◆ Your instructions
Would you please retype, exactly, the lines of the listing below between the line with "Джинсовая рубашка GUCCI черного" and the line with "Δερμάτινη Θήκη Κινητού", inclusive?
_ _ _ _
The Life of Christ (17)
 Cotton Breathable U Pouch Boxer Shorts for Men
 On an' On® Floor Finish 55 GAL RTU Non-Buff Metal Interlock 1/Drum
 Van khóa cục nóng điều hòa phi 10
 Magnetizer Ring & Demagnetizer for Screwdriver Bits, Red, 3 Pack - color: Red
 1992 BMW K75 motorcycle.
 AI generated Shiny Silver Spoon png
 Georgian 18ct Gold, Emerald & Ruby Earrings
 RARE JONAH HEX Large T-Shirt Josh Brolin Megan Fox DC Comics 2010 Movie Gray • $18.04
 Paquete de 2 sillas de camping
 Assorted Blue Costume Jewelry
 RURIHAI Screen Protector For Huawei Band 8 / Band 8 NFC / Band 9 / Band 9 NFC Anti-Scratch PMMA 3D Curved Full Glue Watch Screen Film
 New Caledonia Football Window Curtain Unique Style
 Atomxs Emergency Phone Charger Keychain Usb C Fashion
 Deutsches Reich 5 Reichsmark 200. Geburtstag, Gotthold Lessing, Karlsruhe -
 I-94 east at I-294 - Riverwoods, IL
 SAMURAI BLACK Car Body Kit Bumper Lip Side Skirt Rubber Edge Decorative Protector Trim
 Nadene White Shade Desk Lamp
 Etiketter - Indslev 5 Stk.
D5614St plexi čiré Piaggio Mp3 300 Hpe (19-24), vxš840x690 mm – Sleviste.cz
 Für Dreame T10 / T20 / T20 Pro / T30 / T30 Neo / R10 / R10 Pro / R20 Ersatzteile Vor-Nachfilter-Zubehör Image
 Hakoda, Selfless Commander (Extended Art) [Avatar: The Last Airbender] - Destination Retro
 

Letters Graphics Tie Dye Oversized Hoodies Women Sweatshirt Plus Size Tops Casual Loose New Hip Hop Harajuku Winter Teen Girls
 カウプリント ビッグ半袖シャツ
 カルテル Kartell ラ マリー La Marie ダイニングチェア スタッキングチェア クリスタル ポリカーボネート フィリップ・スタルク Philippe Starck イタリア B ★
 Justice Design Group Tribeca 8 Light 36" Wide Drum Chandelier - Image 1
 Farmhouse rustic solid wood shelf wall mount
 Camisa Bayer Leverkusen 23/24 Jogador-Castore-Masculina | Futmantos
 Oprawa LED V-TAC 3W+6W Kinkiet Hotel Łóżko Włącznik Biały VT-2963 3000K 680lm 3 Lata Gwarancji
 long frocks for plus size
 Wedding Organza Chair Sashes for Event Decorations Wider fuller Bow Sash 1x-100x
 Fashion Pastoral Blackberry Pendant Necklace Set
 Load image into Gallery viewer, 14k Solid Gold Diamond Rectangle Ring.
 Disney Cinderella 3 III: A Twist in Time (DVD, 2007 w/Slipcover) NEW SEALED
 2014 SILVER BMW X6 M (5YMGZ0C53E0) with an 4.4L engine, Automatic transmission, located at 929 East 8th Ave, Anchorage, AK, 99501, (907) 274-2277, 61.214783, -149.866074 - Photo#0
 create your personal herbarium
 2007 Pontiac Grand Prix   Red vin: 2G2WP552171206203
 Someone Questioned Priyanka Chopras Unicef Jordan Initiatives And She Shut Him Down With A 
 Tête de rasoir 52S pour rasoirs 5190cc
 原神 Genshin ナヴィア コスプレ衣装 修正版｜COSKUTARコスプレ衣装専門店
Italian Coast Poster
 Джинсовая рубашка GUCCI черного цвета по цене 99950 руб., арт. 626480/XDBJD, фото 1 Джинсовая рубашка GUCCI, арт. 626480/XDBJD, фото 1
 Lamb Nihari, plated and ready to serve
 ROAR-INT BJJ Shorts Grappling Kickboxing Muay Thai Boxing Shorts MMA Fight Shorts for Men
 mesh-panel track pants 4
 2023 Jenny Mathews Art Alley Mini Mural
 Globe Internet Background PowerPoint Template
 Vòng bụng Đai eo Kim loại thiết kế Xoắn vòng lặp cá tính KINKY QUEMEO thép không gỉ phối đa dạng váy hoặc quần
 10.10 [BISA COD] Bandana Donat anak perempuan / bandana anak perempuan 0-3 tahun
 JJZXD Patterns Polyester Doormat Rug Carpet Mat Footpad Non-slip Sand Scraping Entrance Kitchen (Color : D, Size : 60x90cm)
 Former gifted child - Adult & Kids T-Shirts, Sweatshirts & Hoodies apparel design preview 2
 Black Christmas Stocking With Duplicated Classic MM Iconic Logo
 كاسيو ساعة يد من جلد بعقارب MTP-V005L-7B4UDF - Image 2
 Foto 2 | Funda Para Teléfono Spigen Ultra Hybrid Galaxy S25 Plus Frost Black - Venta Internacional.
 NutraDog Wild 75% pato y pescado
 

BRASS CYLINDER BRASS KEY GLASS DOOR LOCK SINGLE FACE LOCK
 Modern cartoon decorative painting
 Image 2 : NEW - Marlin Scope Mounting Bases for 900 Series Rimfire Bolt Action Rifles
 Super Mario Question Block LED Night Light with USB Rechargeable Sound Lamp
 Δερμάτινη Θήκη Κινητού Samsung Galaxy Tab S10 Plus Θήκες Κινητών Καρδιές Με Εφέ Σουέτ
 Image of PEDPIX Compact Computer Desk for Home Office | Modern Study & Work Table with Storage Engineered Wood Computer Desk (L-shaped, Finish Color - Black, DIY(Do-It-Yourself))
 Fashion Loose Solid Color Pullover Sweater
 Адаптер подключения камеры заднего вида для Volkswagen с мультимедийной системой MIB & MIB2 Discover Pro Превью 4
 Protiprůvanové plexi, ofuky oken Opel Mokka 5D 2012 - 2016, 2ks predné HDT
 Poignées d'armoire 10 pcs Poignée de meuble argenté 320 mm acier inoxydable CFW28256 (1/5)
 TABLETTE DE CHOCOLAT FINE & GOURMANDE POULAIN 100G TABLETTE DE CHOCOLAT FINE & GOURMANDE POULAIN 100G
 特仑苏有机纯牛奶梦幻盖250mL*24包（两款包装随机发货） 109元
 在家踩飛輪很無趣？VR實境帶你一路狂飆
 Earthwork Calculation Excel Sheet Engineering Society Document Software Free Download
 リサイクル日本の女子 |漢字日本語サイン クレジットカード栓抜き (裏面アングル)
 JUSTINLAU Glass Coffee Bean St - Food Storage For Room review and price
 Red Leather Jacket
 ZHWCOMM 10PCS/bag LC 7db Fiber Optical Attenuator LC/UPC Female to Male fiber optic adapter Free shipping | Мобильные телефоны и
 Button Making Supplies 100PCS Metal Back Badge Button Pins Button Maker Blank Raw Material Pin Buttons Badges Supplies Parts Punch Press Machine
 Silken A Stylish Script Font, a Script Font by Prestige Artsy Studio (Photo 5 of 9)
_ _ _ _
◆ Output
 Джинсовая рубашка GUCCI черного цвета по цене 99950 руб., арт. 626480/XDBJD, фото 1 Джинсовая рубашка GUCCI, арт. 626480/XDBJD, фото 1
 Lamb Nihari, plated and ready to serve
 ROAR-INT BJJ Shorts Grappling Kickboxing Muay Thai Boxing Shorts MMA Fight Shorts for Men
 mesh-panel track pants 4
 2023 Jenny Mathews Art Alley Mini Mural
 Globe Internet Background PowerPoint Template
 Vòng bụng Đai eo Kim loại thiết kế Xoắn vòng lặp cá tính KINKY QUEMEO thép không gỉ phối đa dạng váy hoặc quần
 10.10 [BISA COD] Bandana Donat anak perempuan / bandana anak perempuan 0-3 tahun
 JJZXD Patterns Polyester Doormat Rug Carpet Mat Footpad Non-slip Sand Scraping Entrance Kitchen (Color : D, Size : 60x90cm)
 Former gifted child - Adult & Kids T-Shirts, Sweatshirts & Hoodies apparel design preview 2
 Black Christmas Stocking With Duplicated Classic MM Iconic Logo
 كاسيو ساعة يد من جلد بعقارب MTP-V005L-7B4UDF - Image 2
 Foto 2 | Funda Para Teléfono Spigen Ultra Hybrid Galaxy S25 Plus Frost Black - Venta Internacional.
 NutraDog Wild 75% pato y pescado
 

BRASS CYLINDER BRASS KEY GLASS DOOR LOCK SINGLE FACE LOCK
 Modern cartoon decorative painting
 Image 2 : NEW - Marlin Scope Mounting Bases for 900 Series Rimfire Bolt Action Rifles
 Super Mario Question Block LED Night Light with USB Rechargeable Sound Lamp
 Δερμάτινη Θήκη Κινητού Samsung Galaxy Tab S10 Plus Θήκες Κινητών Καρδιές Με Εφέ Σουέτ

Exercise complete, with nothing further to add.